'A gente não é macho, é boyceta': termo não é novo e nasceu na periferia
O rapper Jupi77er não esperava que sua vida viraria do avesso ao participar de um podcast no final de maio. Ao falar sobre sua identidade de gênero como boyceta, ele virou alvo de discursos de ódio e viu seu rosto estampado em perfis de representantes da extrema direita.
O que aconteceu
O rapper concedeu uma entrevista ao podcast "Entre Amigues", e uma das várias pautas discutidas por ele foi sobre sua identidade de gênero. "Eu sou uma pessoa transmasculina, mas a minha identidade de gênero é boyceta. Só que eu sou uma pessoa de gênero fluído também (qualquer pessoa que não tem gênero fixo, ou seja, que transite entre um ou mais gêneros) ", começou Jupi77er.
Entendo as nuances do meu gênero e para onde ele vai, para onde ele caminha.

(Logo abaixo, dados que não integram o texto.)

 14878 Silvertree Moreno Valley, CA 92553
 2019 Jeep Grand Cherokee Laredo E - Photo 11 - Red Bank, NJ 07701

Ser boyceta me dá muita liberdade de ser gênero fluído, de expressar minha feminilidade quando eu quero, de ter essa identidade 'meio bicha' assim, que eu acho muito bom e bonito. [...] E não é nem que eu quero, meu gênero flui simplesmente, conta o rapper.
O trecho da entrevista chegou até ao deputado federal Nikolas Ferreira (PL-MG), que publicou em suas redes o vídeo com a seguinte legenda: "É melhor não". Na edição do vídeo, o político ainda aparece afirmando que "não tem mais dinheiro para pagar advogado", dando a entender que sua opinião geraria uma ação judicial.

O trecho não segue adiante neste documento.